● **Exercise prompt**:
Scan the records beneath this line for the line holding "Arcopul French pressedGlass Fish Set" and the line holding "BMAG Magnetic Drawing", then transcribe exactly those two and all lines between.

● **Dataset records**:
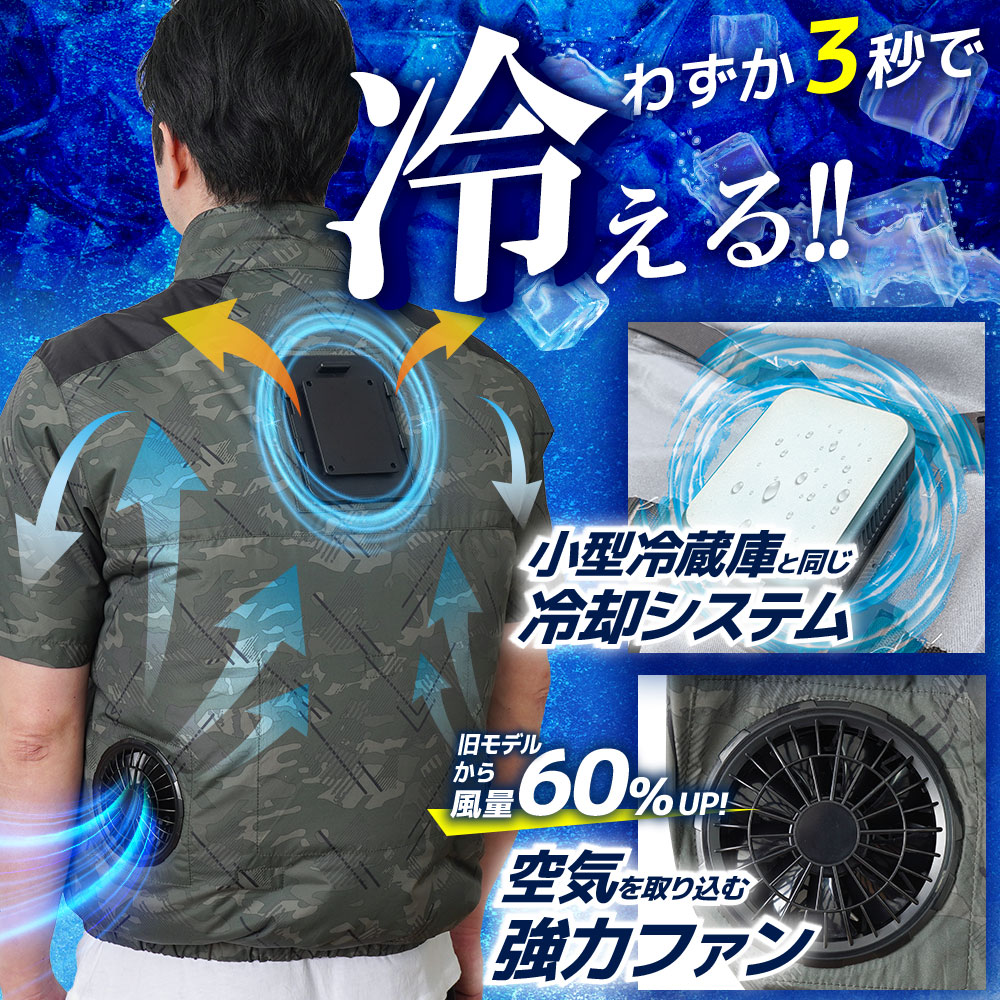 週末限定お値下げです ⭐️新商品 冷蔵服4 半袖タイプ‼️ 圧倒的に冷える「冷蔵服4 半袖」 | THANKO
==
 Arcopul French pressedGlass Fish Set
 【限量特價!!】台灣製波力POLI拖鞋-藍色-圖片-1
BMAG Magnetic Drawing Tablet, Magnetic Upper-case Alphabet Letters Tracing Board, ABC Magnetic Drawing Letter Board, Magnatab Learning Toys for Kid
--
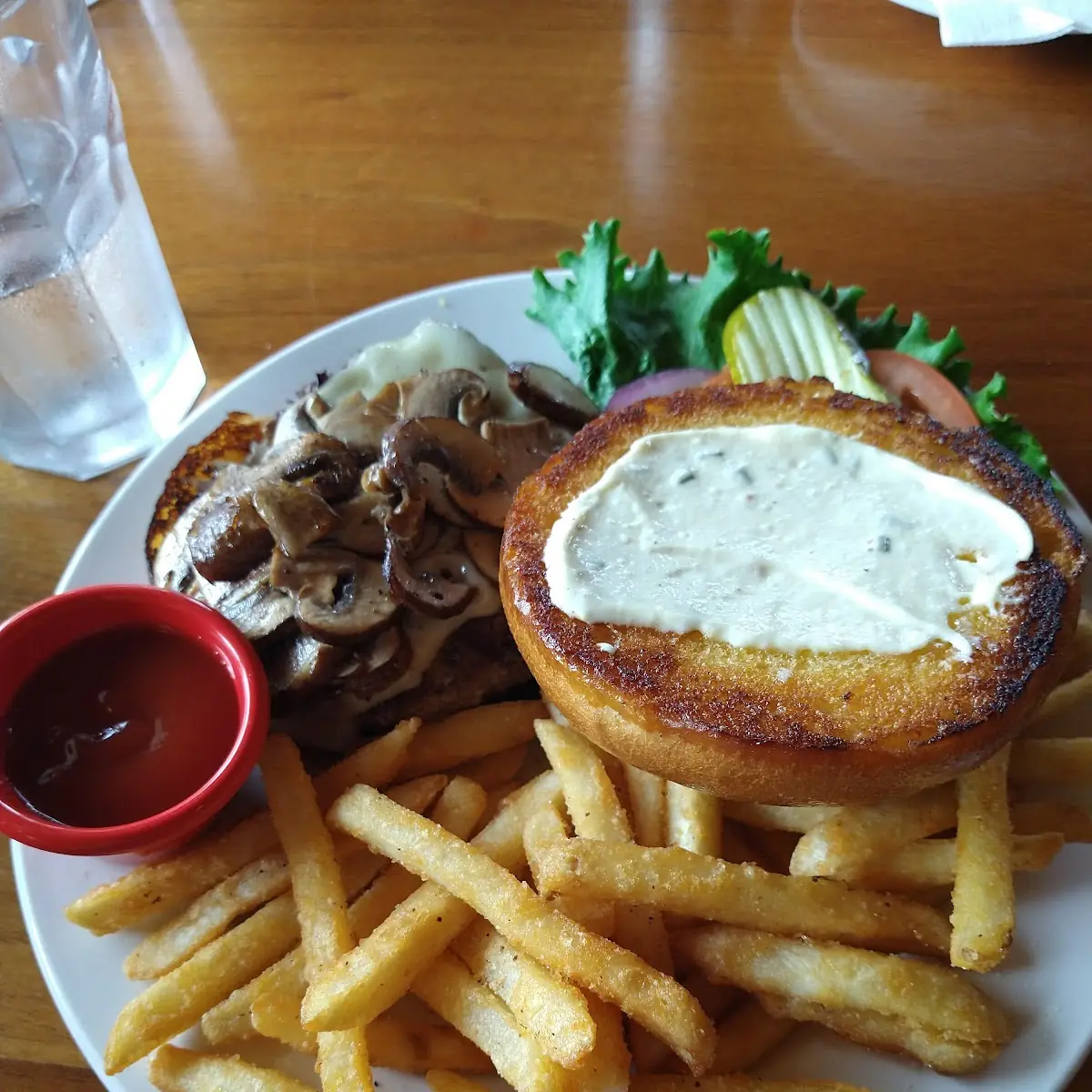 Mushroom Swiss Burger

● **Reply**:
 Arcopul French pressedGlass Fish Set
 【限量特價!!】台灣製波力POLI拖鞋-藍色-圖片-1
BMAG Magnetic Drawing Tablet, Magnetic Upper-case Alphabet Letters Tracing Board, ABC Magnetic Drawing Letter Board, Magnatab Learning Toys for Kid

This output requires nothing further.